И мой предполагаемый отец в моем родном селе, находящемся в четырех тысячах километров от Ферганской долины, оказался даже раньше моей матери.
Мать, если считать по прямой, сослали всего-то на сорок километров, а вот отца — аж за четыре тысячи. Это ж каким потрясающим провизором надо быть, чтоб на таких космических пространствах, как на подогретом предметном стеклышке, соединить две несоединимые микроскопические плоти, дабы зародилась третья, совсем уж неразличимая! Поистине — и эта атеистическая власть от Бога, поскольку только Господь в своих деяниях демонстрирует подобные чудеса виртуозности.
Вот и скажи после этого, что Иосиф Сталин — всего лишь Генералиссимус.
Мать прибыла в ссылку в тридцать пятом, девятнадцатилетней. Отец — в тридцать первом, пяти лет от роду. Из чего я и заключаю, что любой власти всегда проще загрести за шкирман «сочувствующих» бунтовщикам, нежели настоящих бунтовщиков. Поэтому первых при любых «благородных» репрессиях набирается, нагребается куда больше, чем вторых. Даже среди повешенных на Сенатской площади на одного более или менее натурального бунтовщика — и тот всего лишь принял на себя, в одной рукописной бумаге, титул «диктатора», ровным счетом ничего диктаторского не совершив — даже там четверо оказались «сочувствующими»: вот вам и примерное соотношение.

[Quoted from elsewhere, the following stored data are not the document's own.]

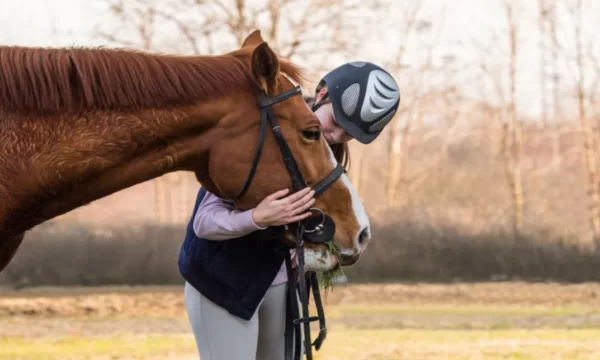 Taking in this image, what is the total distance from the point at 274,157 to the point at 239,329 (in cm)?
76

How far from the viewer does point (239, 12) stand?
17250mm

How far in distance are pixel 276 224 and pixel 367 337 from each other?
841 cm

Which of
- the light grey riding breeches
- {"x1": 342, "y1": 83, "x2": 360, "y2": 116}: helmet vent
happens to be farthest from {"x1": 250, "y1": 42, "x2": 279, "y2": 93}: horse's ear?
the light grey riding breeches

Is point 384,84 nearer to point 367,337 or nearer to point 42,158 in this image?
point 42,158

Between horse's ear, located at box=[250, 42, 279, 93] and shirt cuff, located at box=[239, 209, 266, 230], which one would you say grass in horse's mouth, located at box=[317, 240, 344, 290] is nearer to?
shirt cuff, located at box=[239, 209, 266, 230]

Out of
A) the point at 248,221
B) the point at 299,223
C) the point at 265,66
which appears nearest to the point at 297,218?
the point at 299,223

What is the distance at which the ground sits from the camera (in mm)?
9633

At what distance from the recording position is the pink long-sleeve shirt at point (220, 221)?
2949mm

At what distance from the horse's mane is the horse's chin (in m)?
0.68

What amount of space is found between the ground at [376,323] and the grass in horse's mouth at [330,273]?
5970 mm

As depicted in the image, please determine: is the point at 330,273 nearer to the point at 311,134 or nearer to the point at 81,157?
the point at 311,134

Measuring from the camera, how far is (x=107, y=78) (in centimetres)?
279

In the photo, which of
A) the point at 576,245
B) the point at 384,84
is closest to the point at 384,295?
the point at 576,245

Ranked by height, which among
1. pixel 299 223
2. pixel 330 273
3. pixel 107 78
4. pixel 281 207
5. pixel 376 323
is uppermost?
pixel 107 78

Только в наше село их доставлено было по разным сведениям от пятнадцати до тридцати тысяч душ. Правда, ни на Ставрополье, ни в других местах я не встречал больше подобных поселений, куда ссылали бы проштрафившихся азиатов. Уму непостижимо, как это, по каким таким признакам из неисчислимого количества разного рода селений НКВД выбрал именно наше. Село — единственное, может быть, на весь Северный Кавказ, подле которого селились когда-то стрепеты. Величавая и величаво же капризная птица, каковой теперь и во всей России и на погляд, наверное, нету — и в этом плане я почти счастливый человек, потому что видел мальчиком этих божественных нежнотелых птиц, видал, как немногословная, царственная стая их турбинно снималась с жнивья. Если у мальчишеской мечты и есть крылья, то они именно такие: пугающего размаха, подбитые снизу, с изнанки, белокипенным атласом, способные даже самое серое существование содрать паутиною с земли и грозно увлечь в блистающее поднебесье.